Diferentes autores han dado cuenta de que los procesos escolares para los y las adolescentes y jóvenes de sectores en desventaja social pueden tener un doble significado: por una parte, la escuela puede resultar un espacio culturalmente ajeno y, a la vez, el que les puede proporcionar los recursos para una mayor integración social (Nuñez y Litichever, 2015: 23). De interés resulta el concepto de escuela acotada, definido para referirse a aquellos jóvenes cuya actividad escolar está restringida a lo que ocurre en la escuela, pues no cuentan con espacios para realizar sus tareas o estudiar ni cuentan con apoyos de familiares o amigos para el estudio (Saraví, 2010, c.p. Núñez y Litichever, 2015: 23).

Estas concepciones teóricas contribuyen a analizar, desde una perspectiva crítica, cuál es la situación de la educación de adolescentes y jóvenes en la actualidad.

La inserción educativa de adolescentes y jóvenes en América Latina y el Caribe hoy

Hay consenso en que en los últimos años se ha producido una expansión del sistema educativo en la mayor parte de las regiones del mundo, y en particular en América Latina y el Caribe. Según datos de la Organización de Naciones Unidas para la Educación, la Ciencia y la Cultura (UNESCO), entre los años 1999 y 2011, el número de niños y niñas no escolarizados a nivel mundial se redujo a la mitad, a pesar de lo cual aún se estimaban 57 millones que no asistían a la escuela (UNESCO, 2014:62) y se esperaba que para el año 2015, aún 54 países no alcanzaran la meta de escolarización primaria universal (UNESCO, 2014: 67).

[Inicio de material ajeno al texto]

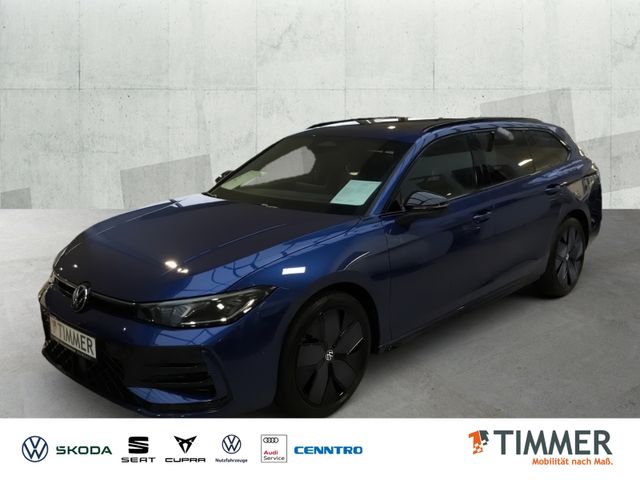 Volkswagen Passat R-Line 2,0 l TDI SCR 4MOTION 142 kW (193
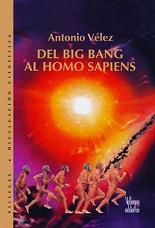 Del big-bang al homo sapiens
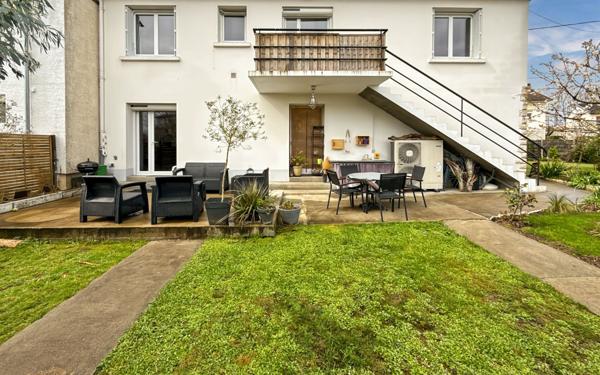 Maison à vendre    5 pièces • 132 m2 Coulounieix-Chamiers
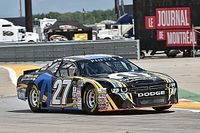 Return to Circuit ICAR couldn’t come soon enough for Andrew Ranger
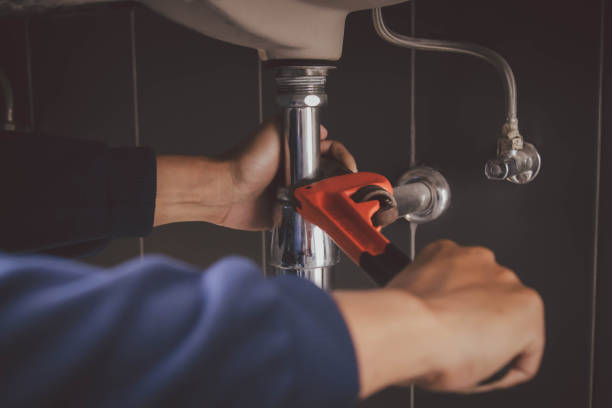 Best Toilet Repair Services  in Eunice, LA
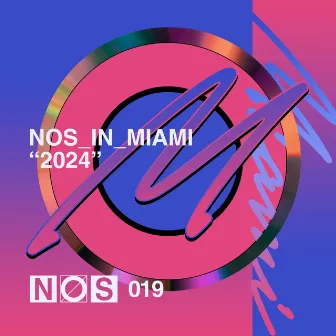 NOS In Miami 2024 by Lavelle Dupree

Incluso los avances que muestran esas cifras de matriculación, no reflejan cuántos realmente culminan el ciclo primario, lo que se refleja en la situación en el nivel secundario. Aun cuando también se señala un crecimiento de la matrícula de adolescentes en el primer ciclo de la enseñanza secundaria o secundaria básica, de un 72% a un 82% entre 1999 y 2011 a nivel internacional, preocupa que en los países de bajos ingresos solo el 37% logra terminarlo, y menos aún aquellos que proceden de familias pobres, donde solo se gradúa de ese nivel el 14% (UNESCO, 2014: 72).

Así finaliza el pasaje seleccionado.